You can’t outsmart Mother Nature

Severe weather events in 2018 have put a crimp in the local food supply


Next month, we’ll celebrate the Lafayette Peach Festival here in Boulder County. For those of you willing to take the drive, you can also get a hands-on peachy experience if you head out to Palisade for its festival.

It likely won’t be the main topic of conversation, but you may hear the term “cytospora” pop up once or twice at either of these festivals. Cytospora is a fungus that’s been growing in Palisade peach orchards, and researchers at Colorado State University are rapidly trying to find the best way to mitigate it before it ruins orchard swaths and cuts into farm profits.

Cytospora is just the latest bit of havoc Mother Nature has wreaked this year on the farmers, ranchers and growers that supply some of our most cherished Colorado produce. Hail damage, drought, wildfire and disease have all taken their toll on food producers in 2018, resulting in millions of dollars of lost revenue, ruined fields and more. Here’s a rundown of what’s happening statewide.


Remember those three weeks in June when it seemed like Boulder County got a hailstorm every afternoon? Well, the hailstones may have stopped falling, but the impact of their damage is still being felt by area farms.

At Aspen Moon Farm’s Niwot fields, operated in concert with the Boulder Valley Waldorf School, eight acres of vegetable crops and seven acres of heritage grain were lost for good after a 30-minute hail storm on June 19. That amount of damage amounted to over 50 percent of the farm’s production. The fields were flattened and rendered unusable for the season.

The damage to the farm represents more than a loss of one year’s harvest. The educational farm required co-owner Jason Griffith to secure several grants to install essential farm infrastructure, including a water irrigation system. Aspen Moon workers spent hours plowing and preparing the fields before the hail storms. Now in order to recover, Aspen Moon and the Waldorf School are accepting donations to help repair and mitigate losses. Check it out at


Much of Colorado is in a state of drought, with several areas experiencing extreme drought conditions. The San Luis Valley is likely getting hit the hardest, and seven Southern Colorado counties have been declared disaster sites by the U.S. Department of Agriculture.

The declaration means farmers in those distressed areas are eligible for disaster relief funds to help cover their losses.

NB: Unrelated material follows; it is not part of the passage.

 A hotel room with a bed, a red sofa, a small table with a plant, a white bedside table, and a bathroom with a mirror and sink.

Estimates for the total crop loss so far in 2018 hover around 20 percent. In addition to the state’s dryness, Colorado has set temperature records for consecutive days above 90 degrees, further stressing natural resources and crop yields.


That heat coupled with the drought dryness has also contributed to the proliferation of wildfires this year. In addition to creating massive damages to property, wildfires have had a severe impact on Colorado food producers this year.

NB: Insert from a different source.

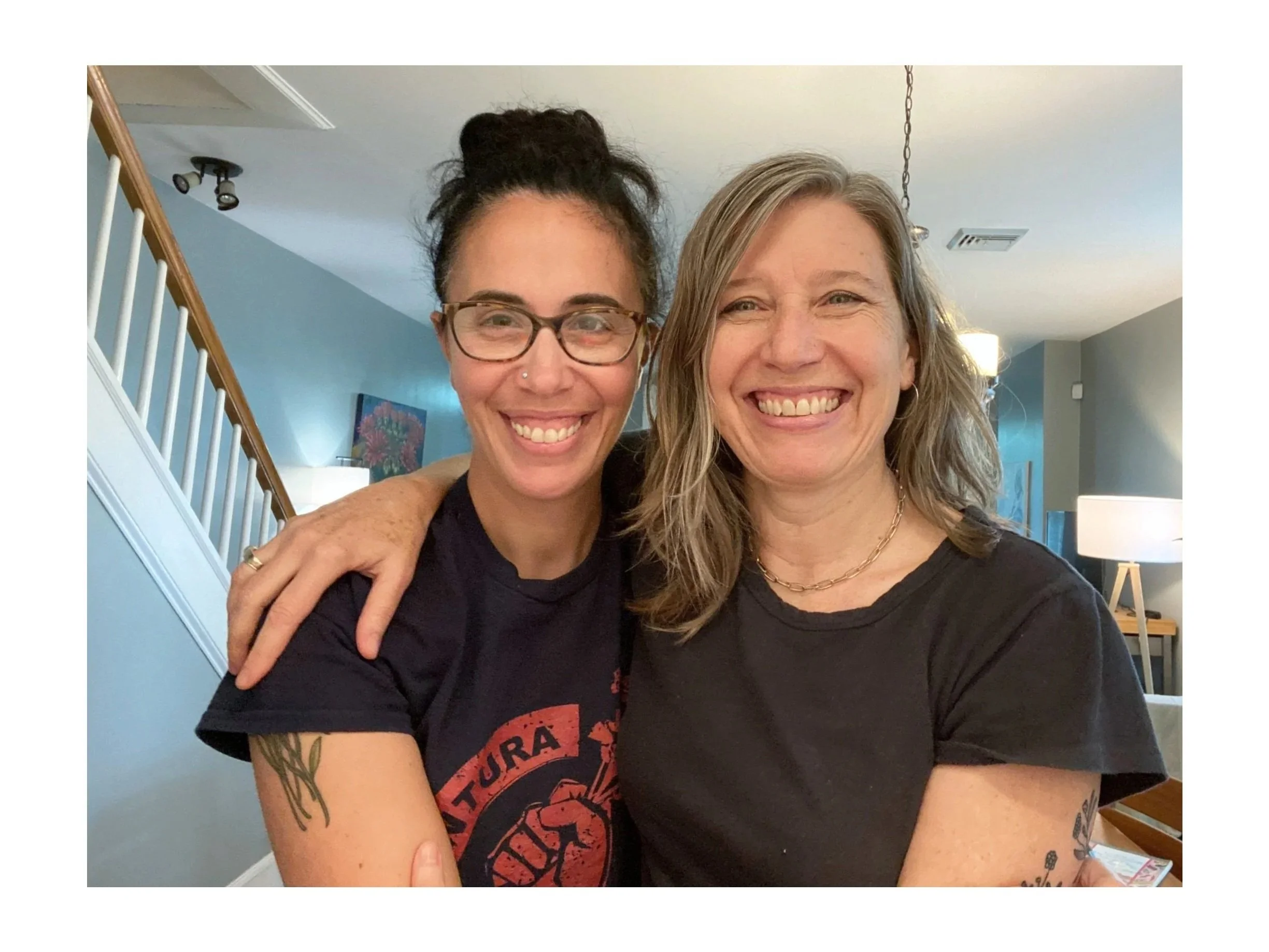 Erin (left) and Ellen (right) smiling like crazy and embracing each other for the selfie.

First, there’s the allocation of water. Conservation messaging has been sent to farmers across the state since fighting the wildfires has required more and more water. And as the drought exacerbated the wildfires, water became even more limited over the last few weeks.

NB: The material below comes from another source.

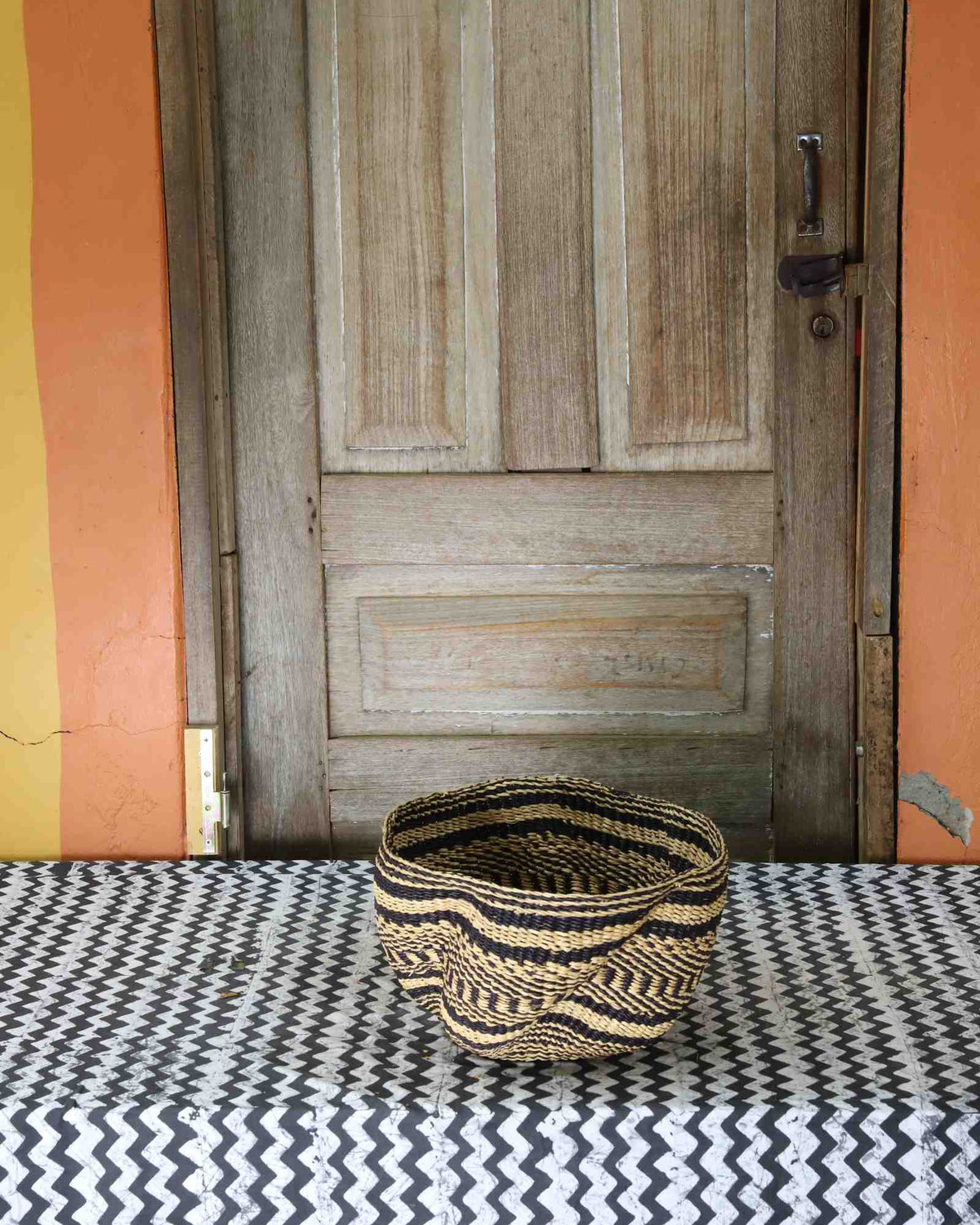 Tiny handwoven Bolga wave basket in natural straw with black horizontal wave stripes.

Then there’s the actual property damage to food producers. The USDA announced at the end of June it would issue funding to Colorado farmers who were interested in replacing “critical irrigation systems, replacing windbreaks and shelterbelts, rebuilding fences, protecting and restoring scorched grazing lands and implementing various conservation measures to mitigate losses.”

“Agricultural operations in the areas of the wildfire have been devastated,” said State Conservationist Clint Evans. “(This) funding … can help these farmers and ranchers start the process of recovery.”


Which brings us to peaches. Cytospora is a fungus that is growing on peach trees in Palisade orchards. It kills trees by destroying their ability to intake water. Estimates for lost produce from the fungus skyrocket into the millions of dollars every year.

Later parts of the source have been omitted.